In case of The Chrysanthemums the reader is quite often forced to think about what is not said. In order to elicit why and how Steinbeck reached his aim to 'strike without the reader's knowledge', we have to look carefully at how he designed the written sequence of information. We must denote the gaps where our own perceptions can replace missing information, prove whether those perceptions fit into the action and whether they are helpful to reveal what is possibly meant.

This is especially true for the story's characters. One of the most striking features of this short story is that Steinbeck refuses to give any explicit information about the characters' thoughts. He uses a third person objective narrator who has a restricted point of view and never enters into the mind of the characters. Characterisation is obtained through description of activities and outward appearance, supported by the use of a great amount of symbols. This kind of characterisation enables the reader to get to know the fictional characters almost as he learns about people in real life - by observing their behaviour, listening to them talking and arguing about what lies behind. In contrast to a real-life situation, however, getting to know (fictional) characters from reading is, of course, always directed by the author's literary strategies.

... someone else's thoughts can only take a form in our consciousness if, in the process, our unformulated faculty for deciphering those thoughts is brought into play - a faculty which, in the act of deciphering, also formulates itself. Now since this formulation is carried out on terms set by someone else, whose thoughts are the theme of our reading, it follows that the formulation of our faculty for deciphering cannot be along our own lines of orientation. (Iser 1974: 294)

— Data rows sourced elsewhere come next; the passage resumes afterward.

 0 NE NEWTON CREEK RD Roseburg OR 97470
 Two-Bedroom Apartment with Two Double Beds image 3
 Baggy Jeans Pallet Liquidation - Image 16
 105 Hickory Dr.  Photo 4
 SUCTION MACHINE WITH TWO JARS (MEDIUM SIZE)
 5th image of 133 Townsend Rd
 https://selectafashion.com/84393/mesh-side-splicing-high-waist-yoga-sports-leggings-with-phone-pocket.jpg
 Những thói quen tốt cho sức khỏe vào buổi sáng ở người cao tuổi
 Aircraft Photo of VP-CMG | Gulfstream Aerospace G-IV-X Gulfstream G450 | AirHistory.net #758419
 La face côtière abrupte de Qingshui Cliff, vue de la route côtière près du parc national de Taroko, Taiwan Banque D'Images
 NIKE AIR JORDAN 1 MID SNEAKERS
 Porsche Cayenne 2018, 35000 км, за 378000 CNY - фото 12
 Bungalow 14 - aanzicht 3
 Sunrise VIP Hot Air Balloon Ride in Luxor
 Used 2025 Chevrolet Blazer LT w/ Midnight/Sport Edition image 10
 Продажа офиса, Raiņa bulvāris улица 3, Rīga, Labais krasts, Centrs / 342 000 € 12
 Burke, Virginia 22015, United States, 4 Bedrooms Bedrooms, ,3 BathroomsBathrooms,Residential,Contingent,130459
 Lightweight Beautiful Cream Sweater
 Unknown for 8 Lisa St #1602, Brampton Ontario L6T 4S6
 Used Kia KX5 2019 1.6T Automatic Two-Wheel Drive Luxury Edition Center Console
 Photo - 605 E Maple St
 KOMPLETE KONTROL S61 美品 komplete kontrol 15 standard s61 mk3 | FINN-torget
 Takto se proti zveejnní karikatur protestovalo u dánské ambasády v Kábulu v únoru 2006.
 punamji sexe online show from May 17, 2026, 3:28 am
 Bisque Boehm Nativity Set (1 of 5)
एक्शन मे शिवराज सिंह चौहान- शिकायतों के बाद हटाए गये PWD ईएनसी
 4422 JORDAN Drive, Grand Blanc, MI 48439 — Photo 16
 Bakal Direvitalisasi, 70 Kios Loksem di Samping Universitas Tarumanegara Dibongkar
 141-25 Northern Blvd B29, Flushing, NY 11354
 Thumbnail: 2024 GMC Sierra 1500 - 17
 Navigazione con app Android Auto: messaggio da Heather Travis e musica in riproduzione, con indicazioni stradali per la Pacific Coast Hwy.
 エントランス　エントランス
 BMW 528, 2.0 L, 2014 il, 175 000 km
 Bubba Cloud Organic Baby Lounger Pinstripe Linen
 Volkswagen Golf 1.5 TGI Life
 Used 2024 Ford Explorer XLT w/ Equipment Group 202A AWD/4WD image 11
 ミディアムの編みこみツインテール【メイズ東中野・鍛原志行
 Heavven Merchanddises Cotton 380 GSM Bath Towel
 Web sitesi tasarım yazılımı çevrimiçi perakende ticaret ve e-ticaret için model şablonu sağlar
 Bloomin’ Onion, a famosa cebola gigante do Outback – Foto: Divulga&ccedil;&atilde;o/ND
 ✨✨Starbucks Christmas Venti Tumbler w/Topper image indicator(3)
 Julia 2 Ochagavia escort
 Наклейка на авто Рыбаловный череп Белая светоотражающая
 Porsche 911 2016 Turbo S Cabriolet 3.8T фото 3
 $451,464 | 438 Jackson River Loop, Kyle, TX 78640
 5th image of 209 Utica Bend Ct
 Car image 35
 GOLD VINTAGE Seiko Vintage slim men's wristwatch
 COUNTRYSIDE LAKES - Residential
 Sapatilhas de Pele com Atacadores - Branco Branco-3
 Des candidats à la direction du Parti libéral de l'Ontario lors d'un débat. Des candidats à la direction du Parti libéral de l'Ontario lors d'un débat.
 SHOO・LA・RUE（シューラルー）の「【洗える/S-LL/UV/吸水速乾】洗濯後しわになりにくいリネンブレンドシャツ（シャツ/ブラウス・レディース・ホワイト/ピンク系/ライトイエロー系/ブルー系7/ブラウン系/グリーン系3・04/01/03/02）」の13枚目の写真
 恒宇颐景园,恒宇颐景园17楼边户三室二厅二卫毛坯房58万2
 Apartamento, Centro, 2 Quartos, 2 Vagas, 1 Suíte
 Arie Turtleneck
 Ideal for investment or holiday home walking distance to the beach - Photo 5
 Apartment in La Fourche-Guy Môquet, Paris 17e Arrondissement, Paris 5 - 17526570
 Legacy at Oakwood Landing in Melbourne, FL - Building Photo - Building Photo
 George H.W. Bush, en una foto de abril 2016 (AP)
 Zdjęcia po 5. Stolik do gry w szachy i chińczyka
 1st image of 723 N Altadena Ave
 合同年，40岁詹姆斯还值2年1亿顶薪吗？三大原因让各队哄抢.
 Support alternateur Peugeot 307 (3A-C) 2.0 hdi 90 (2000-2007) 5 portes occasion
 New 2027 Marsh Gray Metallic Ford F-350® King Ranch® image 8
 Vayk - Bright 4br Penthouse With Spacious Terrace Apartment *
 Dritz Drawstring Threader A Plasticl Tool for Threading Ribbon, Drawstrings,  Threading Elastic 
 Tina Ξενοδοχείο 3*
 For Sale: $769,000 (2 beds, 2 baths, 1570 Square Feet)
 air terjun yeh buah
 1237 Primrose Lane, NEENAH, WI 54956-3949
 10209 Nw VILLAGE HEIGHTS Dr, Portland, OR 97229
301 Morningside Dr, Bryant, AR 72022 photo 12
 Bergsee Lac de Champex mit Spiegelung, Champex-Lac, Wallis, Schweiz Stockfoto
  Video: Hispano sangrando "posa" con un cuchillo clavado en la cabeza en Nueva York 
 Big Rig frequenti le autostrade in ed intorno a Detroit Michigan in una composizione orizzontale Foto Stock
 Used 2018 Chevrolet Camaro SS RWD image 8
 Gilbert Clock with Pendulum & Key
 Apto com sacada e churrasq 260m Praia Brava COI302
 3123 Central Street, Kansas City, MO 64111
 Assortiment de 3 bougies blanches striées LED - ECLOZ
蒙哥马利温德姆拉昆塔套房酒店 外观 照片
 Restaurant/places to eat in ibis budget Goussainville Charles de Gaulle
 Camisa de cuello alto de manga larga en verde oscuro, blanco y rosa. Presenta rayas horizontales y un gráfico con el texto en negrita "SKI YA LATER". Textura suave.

In order to find out about the background of their actions and thoughts, to get an insight into the characters' (and thus probably also the author's) intentions, we are expected to have this faculty. If we want to succeed in revealing what a text may offer, we have to prove both the will and the ability to decipher the given text. Although "no reading can ever exhaust the full potential [of a literary work]" (Iser 1974: 280), one can try to create not only one, but several different realisations of one text. When the reader is guided by the structure of the text, individual interpretations become defensible.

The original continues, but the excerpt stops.